Federated learning - brats segmentation


We are trying to implement Federated learning on brats_segmentation model as shown here: https://ngc.nvidia.com/models/ea-nvidia-clara-train:clara_pt_brain_mri_segmentation

The MMAR does not have the config_fed_client.json and config_fed_server.json.

We utilized and adapted these files from Clara Train 3.1 MMARs.
config_fed_server.json (1.5 KB) config_fed_client.json (719 Bytes)
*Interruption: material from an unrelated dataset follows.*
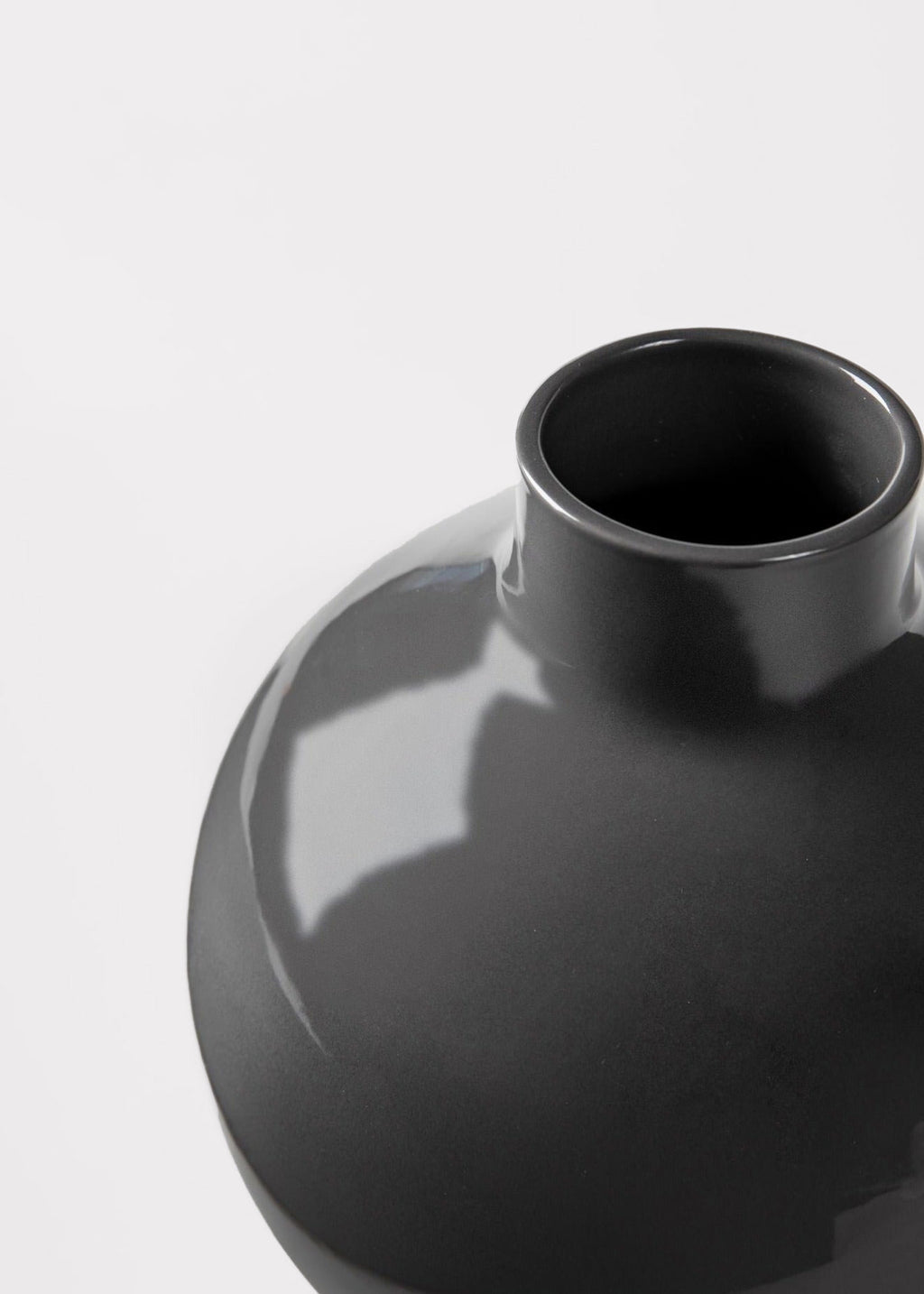 Close-up of the Afloral Ceramic Small Round Glossy Smoked Taupe Vase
The following error is received on starting server,

Starting Admin Server flc1 on Port 8003
Server has been started.
2021-02-21 16:06:00,581 - ClientManager - INFO - Client: New client org1-a@ joined. Sent token: 8489aace-7fa6-48a8-bd30-4cf780fa7200.  Total clients: 1
2021-02-21 16:06:19,481 - ClientManager - INFO - Client: New client org1-b@ joined. Sent token: a71751ee-d132-4df9-a43c-0520bf50b6ce.  Total clients: 2
Check server status.
Error processing config /workspace/startup/../run_20/mmar_server/config/config_train.json: local variable 'trainer' referenced before assignment
Traceback (most recent call last):
  File "server/sai.py", line 368, in start_server_training
  File "utils/wfconf.py", line 163, in configure
  File "utils/wfconf.py", line 158, in configure
  File "utils/wfconf.py", line 154, in _do_configure
  File "apps/fed_learn/fl_conf.py", line 197, in finalize_config
UnboundLocalError: local variable 'trainer' referenced before assignment
FL server execution exception: local variable 'trainer' referenced before assignment
2021-02-21 16:07:53,145 - BaseServer - INFO - Stopping server training...
2021-02-21 16:07:53,146 - ServerModelManager - INFO - closing the model manager
2021-02-21 16:07:53,146 - BaseServer - INFO - Round time: 158 second(s).

Couple of questions:

Q1. What are the valid configurations for config_fed_server.json, config_fed_client.json in case of this brats_segmentation MMAR? How do we resolve the above error?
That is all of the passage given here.